■ **Aim of the exercise**
With the pictures omitted, write out all of the listing exactly.

■ **Material provided**
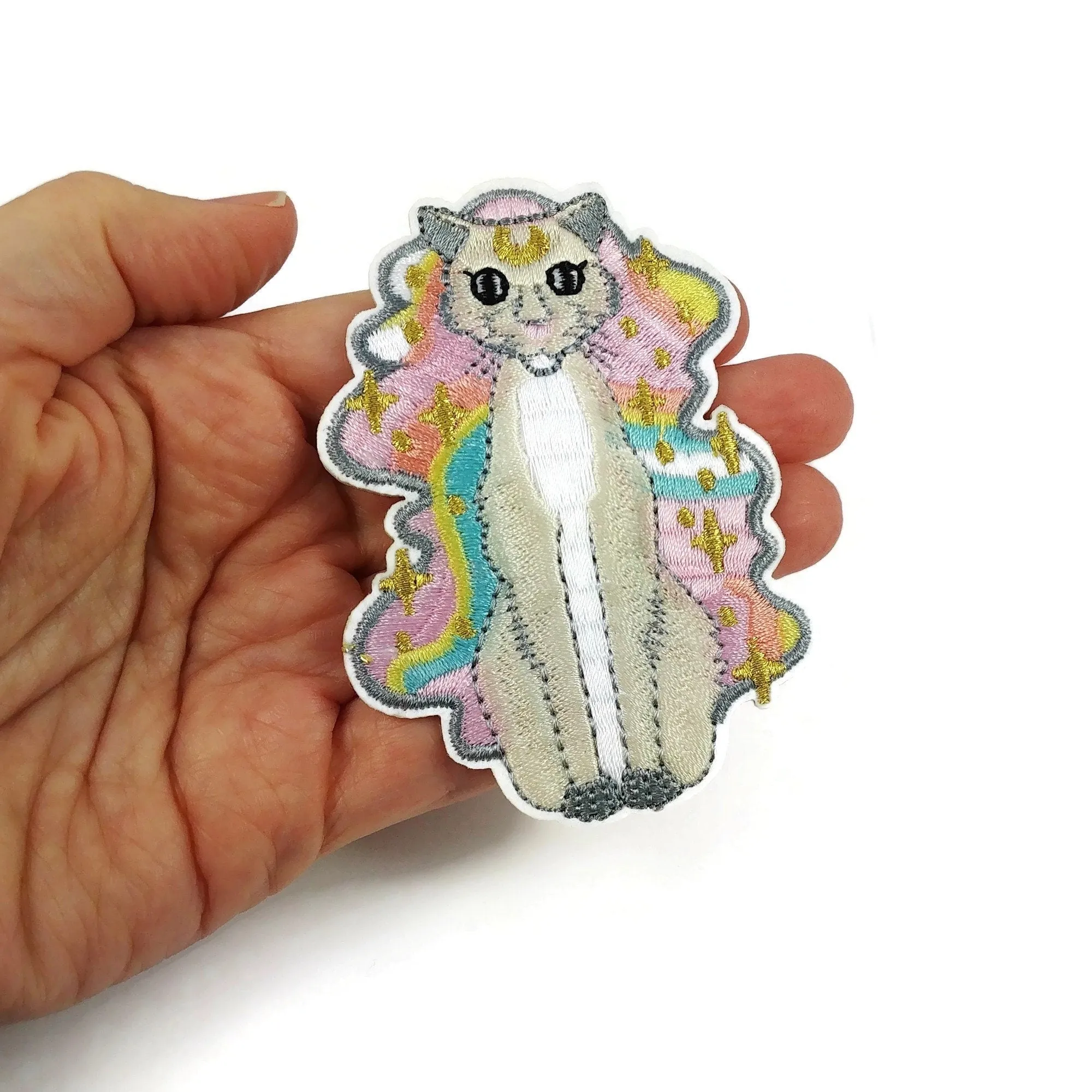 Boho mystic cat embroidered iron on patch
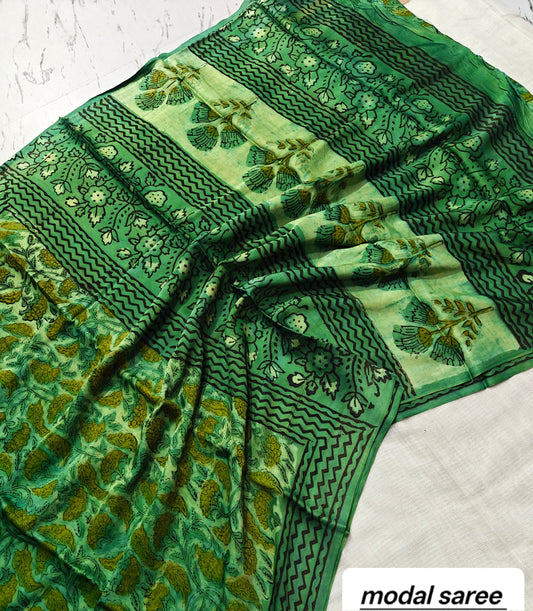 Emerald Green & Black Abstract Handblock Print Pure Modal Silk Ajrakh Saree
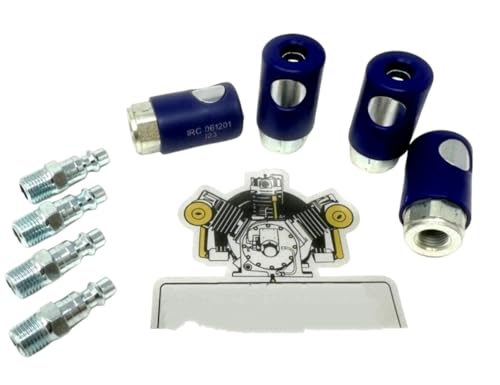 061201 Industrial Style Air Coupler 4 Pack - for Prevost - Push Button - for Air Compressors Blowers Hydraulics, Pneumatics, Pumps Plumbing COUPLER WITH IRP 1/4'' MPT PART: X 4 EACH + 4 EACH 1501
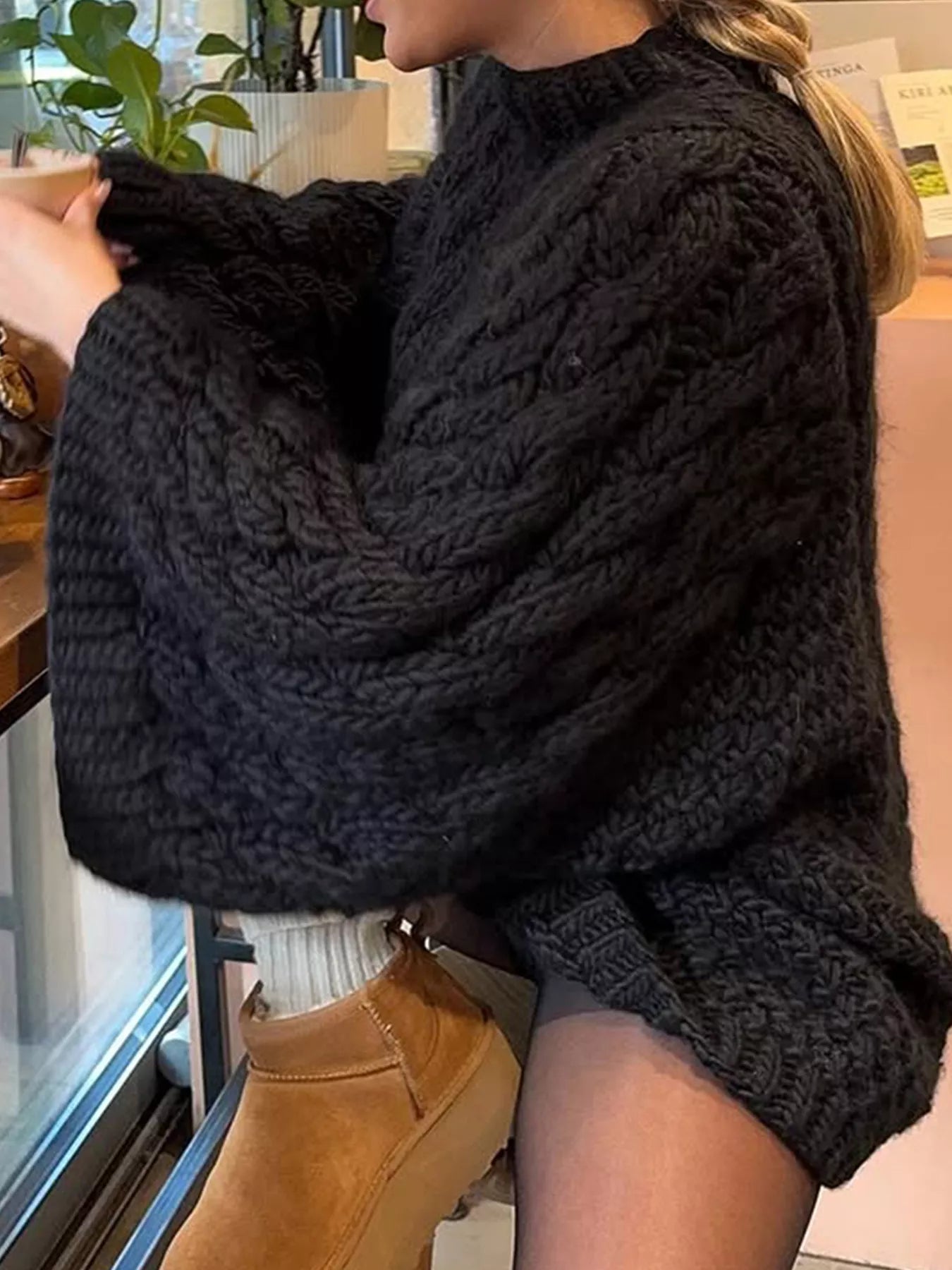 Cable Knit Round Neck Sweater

■ **Answer to this problem**
 Boho mystic cat embroidered iron on patch
 Emerald Green & Black Abstract Handblock Print Pure Modal Silk Ajrakh Saree
 061201 Industrial Style Air Coupler 4 Pack - for Prevost - Push Button - for Air Compressors Blowers Hydraulics, Pneumatics, Pumps Plumbing COUPLER WITH IRP 1/4'' MPT PART: X 4 EACH + 4 EACH 1501
 Cable Knit Round Neck Sweater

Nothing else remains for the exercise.